The National Assn. of Attorneys General says the new policy invades consumer privacy by automatically sharing with all Google services personal information that users give to just one service.

“The new policy forces consumers to allow information across all of Google's products to be shared without giving them the proper ability to opt out," the association said in a letter to Google Chief Executive Larry Page.

The attorneys general have asked to meet with Page.

Harris declined to comment on the letter during a news conference Wednesday.

Google's new privacy policy, which it announced Jan. 24, is slated to go into effect March 1. It will create a single privacy policy for all of its services such as Gmail, Maps and YouTube. That means Google will be able to include the videos a consumer watches on YouTube when it delivers search results, for example.

Google says the policy will be easier for consumers to understand.

“We're continuing to offer choice and control over how people use our services," said Google spokesman Chris Gaither.

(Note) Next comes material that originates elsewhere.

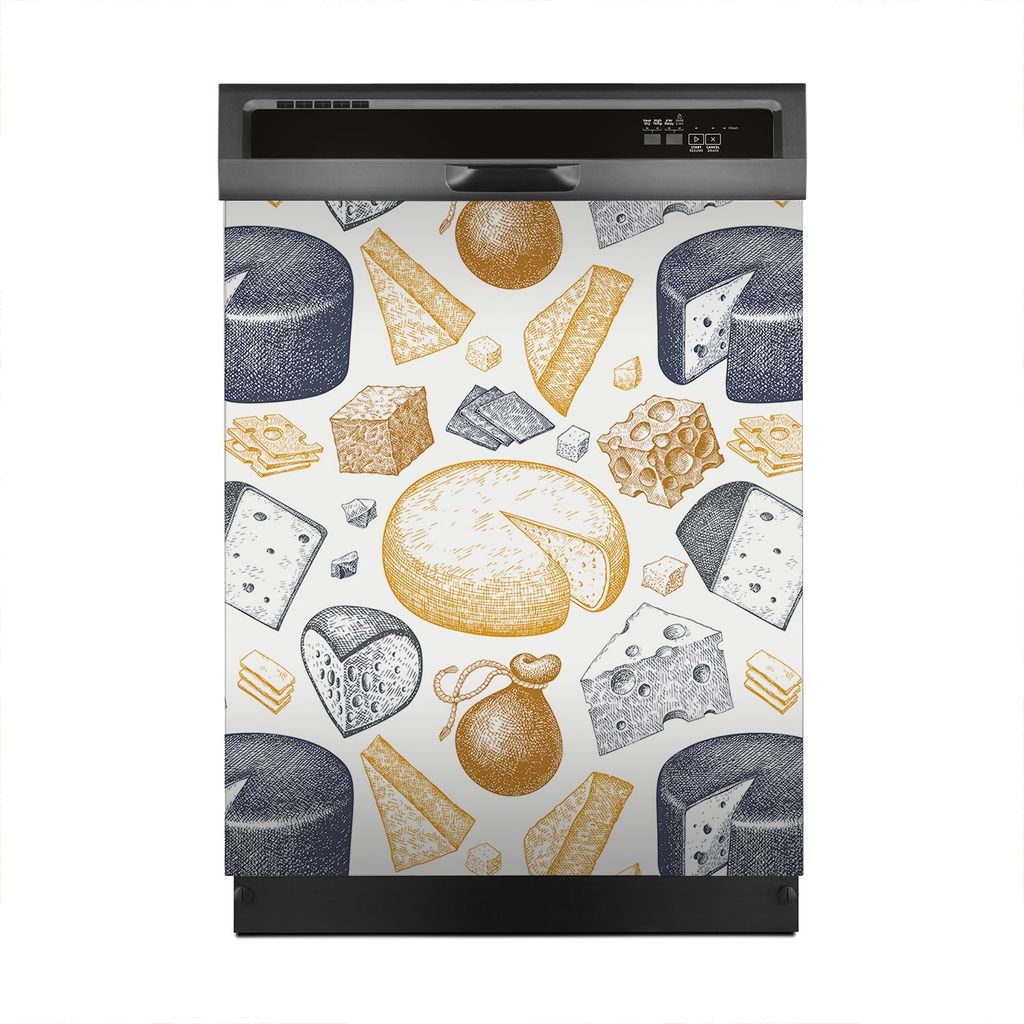 Aufkleber sticker 60x70 cm Dekorative folie Spülmaschine - Käse Molkerei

Consumer watchdogs don't agree. The Electronic Privacy Information Center has sued the U.S. Federal Trade Commission to try to force the agency to take action against Google's new privacy policy. A federal judge is considering the FTC's motion to dismiss the case. The agency settled with Google last year over charges it shared user data without permission. The 20-year settlement resulted from a complaint that EPIC filed in 2010 over Google's now defunct Buzz social network.

Jeffrey Chester, executive director of the Center for Digital Democracy, filed a complaint with the FTC over the policy Wednesday, saying Google is changing its privacy policy to make more money from online advertising. He's asking the FTC to sue Google to stop the Internet search giant from rolling out the new privacy policy.

“Google presents the information in a deceptive way that suggests consumers will benefit from the new policy," Chester wrote in his complaint.